**THE TASK:** Repeat the whole listing below precisely. Omit all pictures.

**DATA SEGMENT:**
■ ■ ■ ■ ■ ■ ■

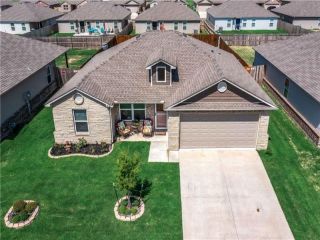 Foreclosed Home - 1836 JACK RABBIT LN, 73036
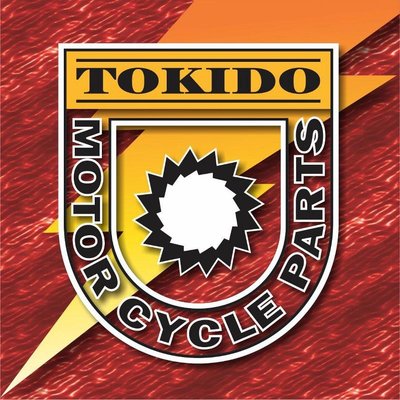 Trademark TOKIDO MOTOR CYCLE PARTS + LOGO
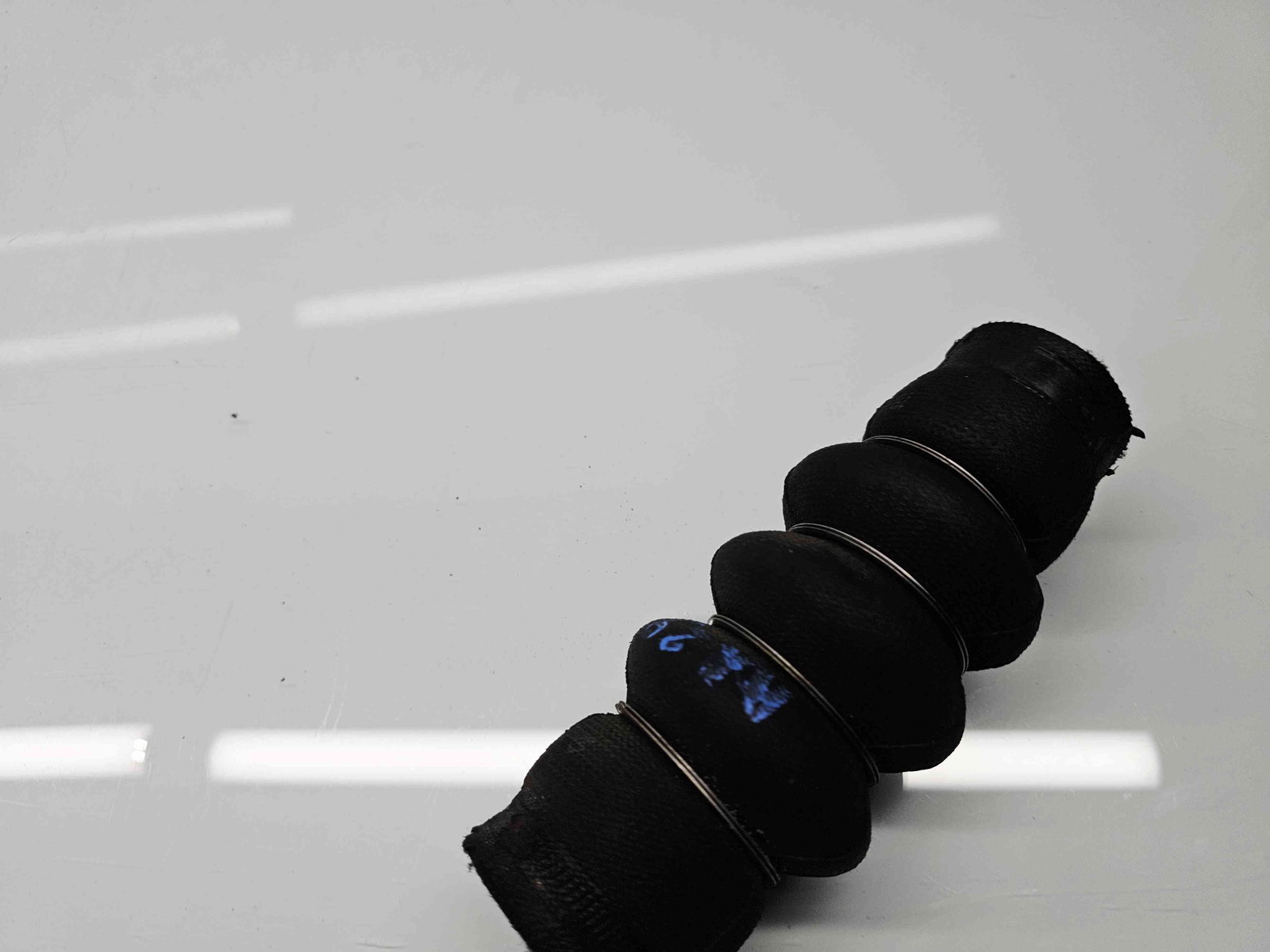 Tub intercooler Peugeot Partner (II) [Fabr 2008-2018] 9676994980 1.6 HDi DV6ETED 55KW / 75CP - imagine 4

■ ■ ■ ■ ■ ■ ■

**TASK SOLUTION:**
 Foreclosed Home - 1836 JACK RABBIT LN, 73036
 Trademark TOKIDO MOTOR CYCLE PARTS + LOGO
 Tub intercooler Peugeot Partner (II) [Fabr 2008-2018] 9676994980 1.6 HDi DV6ETED 55KW / 75CP - imagine 4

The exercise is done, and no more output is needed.